_Work instructions_
Each line of the records needs to be written out exactly, with any image left out.

──────── Listed entries

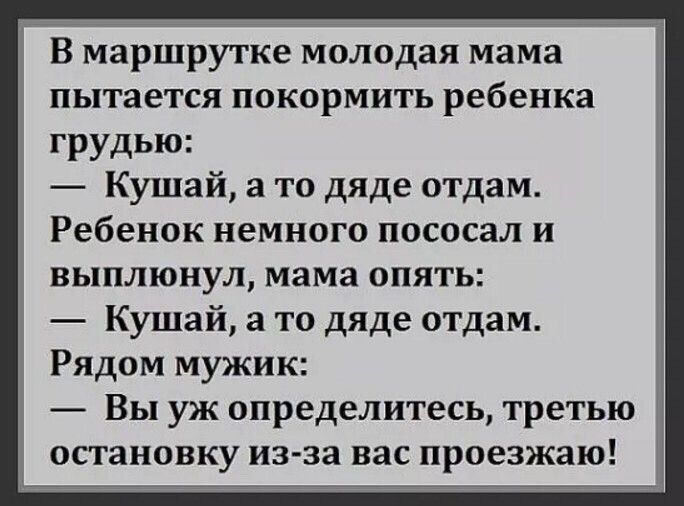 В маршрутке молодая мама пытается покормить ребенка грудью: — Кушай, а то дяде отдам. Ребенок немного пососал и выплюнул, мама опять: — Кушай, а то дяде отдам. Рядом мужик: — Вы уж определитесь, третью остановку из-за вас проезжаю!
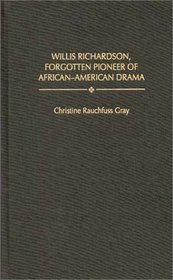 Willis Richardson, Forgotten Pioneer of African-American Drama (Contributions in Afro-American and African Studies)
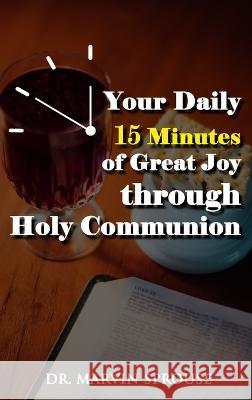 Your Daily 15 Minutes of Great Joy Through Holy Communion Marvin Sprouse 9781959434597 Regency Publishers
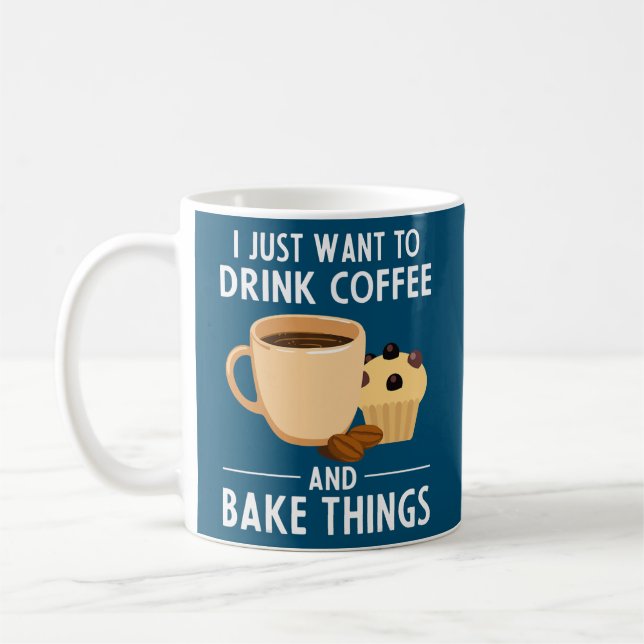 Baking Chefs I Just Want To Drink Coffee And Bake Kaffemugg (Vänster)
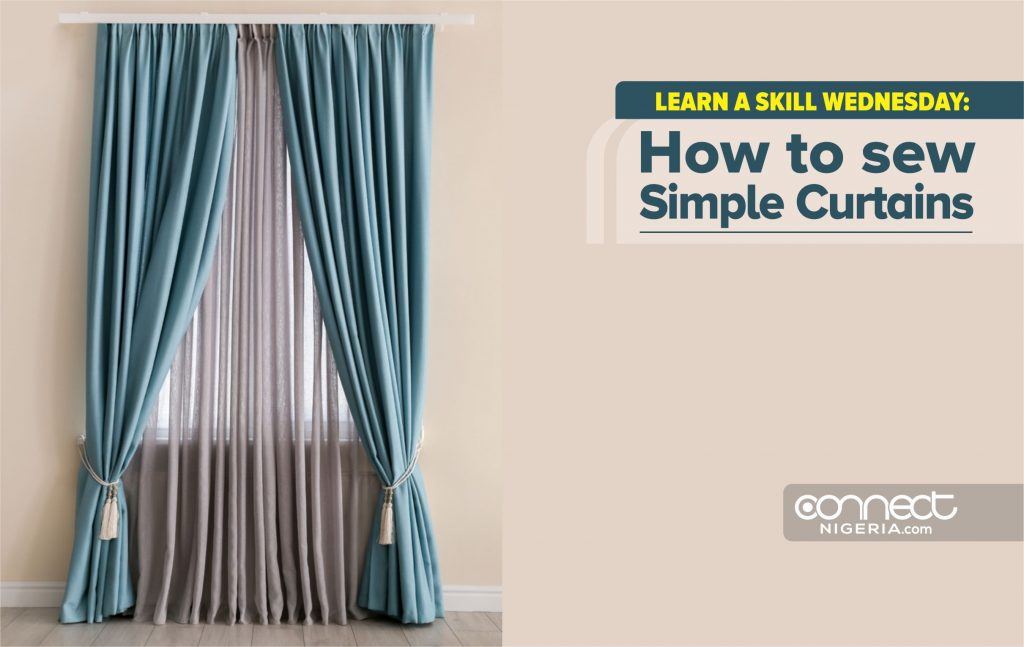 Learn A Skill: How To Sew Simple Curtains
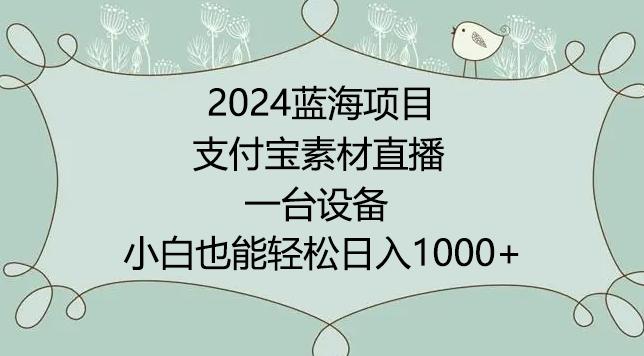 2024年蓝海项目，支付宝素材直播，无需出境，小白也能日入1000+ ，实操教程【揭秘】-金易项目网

────────────────

_Finished exercise_
 В маршрутке молодая мама пытается покормить ребенка грудью: — Кушай, а то дяде отдам. Ребенок немного пососал и выплюнул, мама опять: — Кушай, а то дяде отдам. Рядом мужик: — Вы уж определитесь, третью остановку из-за вас проезжаю!
 Willis Richardson, Forgotten Pioneer of African-American Drama (Contributions in Afro-American and African Studies)
 Your Daily 15 Minutes of Great Joy Through Holy Communion Marvin Sprouse 9781959434597 Regency Publishers
 Baking Chefs I Just Want To Drink Coffee And Bake Kaffemugg (Vänster)
 Learn A Skill: How To Sew Simple Curtains
 2024年蓝海项目，支付宝素材直播，无需出境，小白也能日入1000+ ，实操教程【揭秘】-金易项目网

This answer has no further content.